The Little Treaty of Versailles (Mały traktat wersalski) or the Polish Minority Treaty (Traité des minorités polonaises) was one of the bilateral Minority Treaties signed between minor powers and the League of Nations in the aftermath of the First World War. The Polish treaty was signed on 28 June 1919, the same day as the main Treaty of Versailles was signed, which is the reason for one of its names. It was the first of the Minority Treaties and served as a template for the subsequent ones.

==Background==
Poland regained independence as the Second Polish Republic, after 123 years of partitions, in the aftermath of the First World War. The victorious powers decided that due to significant non-Polish minorities in areas claimed by Poland (which historically controlled many Lithuanian and Ruthenian territories under the Polish–Lithuanian Commonwealth and would likely inherit a substantial German minority within its new borders) and the ongoing civilian strife caused by the local wars (in particular the Polish-Ukrainian War of 1918-1919 and Polish-Soviet War of 1919-1920), Poland had to sign the treaty in exchange for Polish independence and for Poland to sign the peace treaty with Germany (the Article 93 of the Treaty of Versailles stated that: "Poland accepts... provisions... to protect the interests of inhabitants of Poland who differ from the majority of the population in race, language, or religion"). In addition, the treaty declared that Poland had to take over a part of debts of Russian state and grant a most favored nation clause in transit trade to "Allied and Associated States" (Articles 14-18).

==The treaty==
The Polish government declared its support for "total and complete protection of life and freedom of all people regardless of their birth, nationality, language, race or religion" (Article 2) and religious tolerance (Article 7 which stated that "difference of religion, creed, or confession shall not prejudice any Polish national in matters relating to the enjoyment of civil or political rights, as for instance the admission to Public employment, functions and honors, or the exercise of professions and industries"). Provisions of the treaty "were obligations of international importance and were guaranteed by the League of Nations".

They could not be changed "without consent of majority of the League of Nations Council" (Article 12). National minorities could direct their complaints to the League of Nations Council. Difference of opinions "in legal or actual matters" between Poland and any of the western powers or any of the members of the League of Nations Council, which would result from provisions of the treaty was to have an international character (Article 12).

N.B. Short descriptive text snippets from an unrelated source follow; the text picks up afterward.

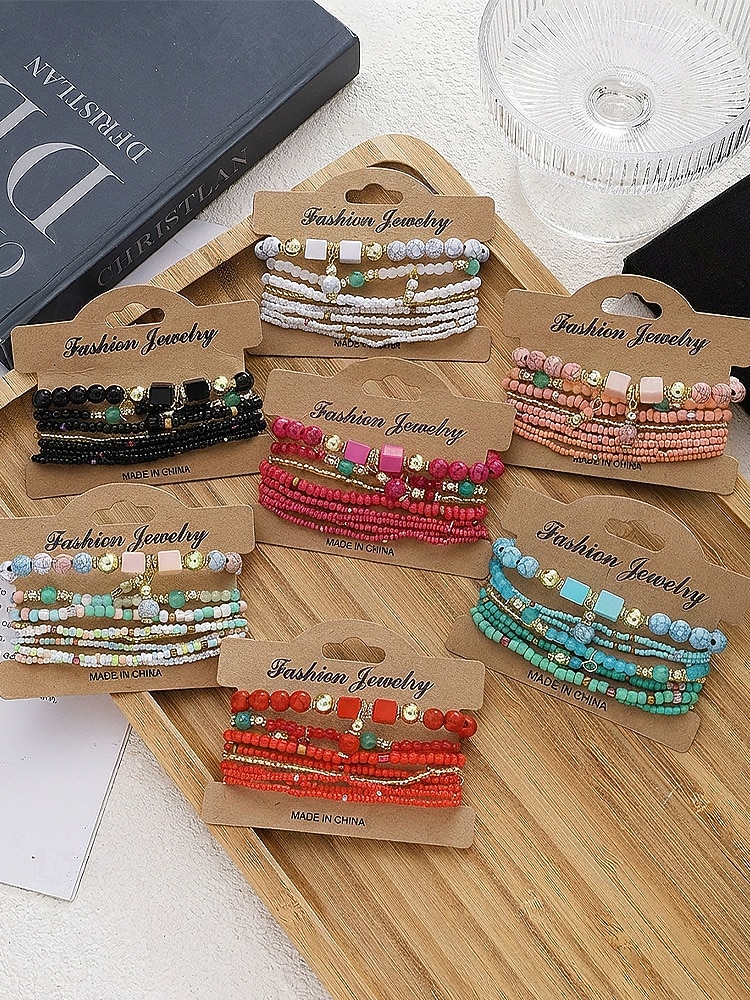 Dámské vícebarevné korálkové náramky z pryskyřice a slitiny v bohémském stylu, moderní a zářivý vzhled, ideální na dovolenou i pro běžné nošení. 2026 - $8.99 –P4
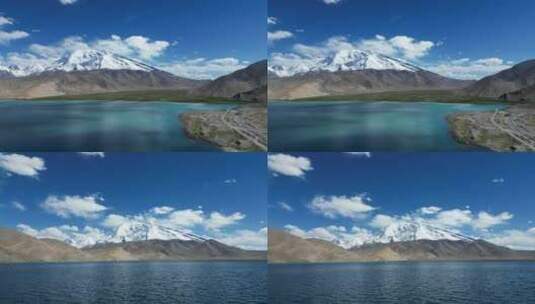 新疆喀拉库勒湖面航拍高清在线视频素材下载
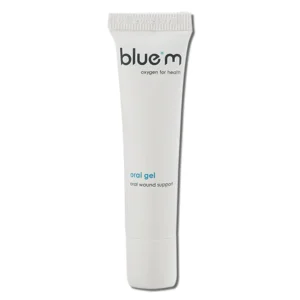 BlueM oral gel promotes healing of bleeding gums, periodontitis, peri-implantitis, and wounds from dentures with a high concentration of active oxygen.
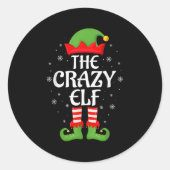 Crazy Elf Xmas Familie Matching Elf Squad Weihnach Runder Aufkleber (Vorderseite)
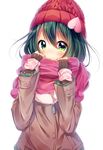  black_gloves blush brown_coat coat eyebrows_visible_through_hair fingerless_gloves gloves green_eyes green_hair hat heart looking_at_viewer ntk_(7t5) pink_scarf red_hat scarf solo tokyo_7th_sisters upper_body winter_clothes winter_coat zipper_pull_tab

The treaty was signed by Polish representatives at Versailles (Roman Dmowski, Ignacy Paderewski) on 28 June 1919, the same day as the main Treaty of Versailles (hence it is known as Little or Small Treaty of Versailles. The parliament of Poland, the Sejm, ratified the treaty on 31 July 1919; the treaty was implemented on 10 January 1920. Poland renounced it at the League of Nations forum in Geneva on 13 September 1934.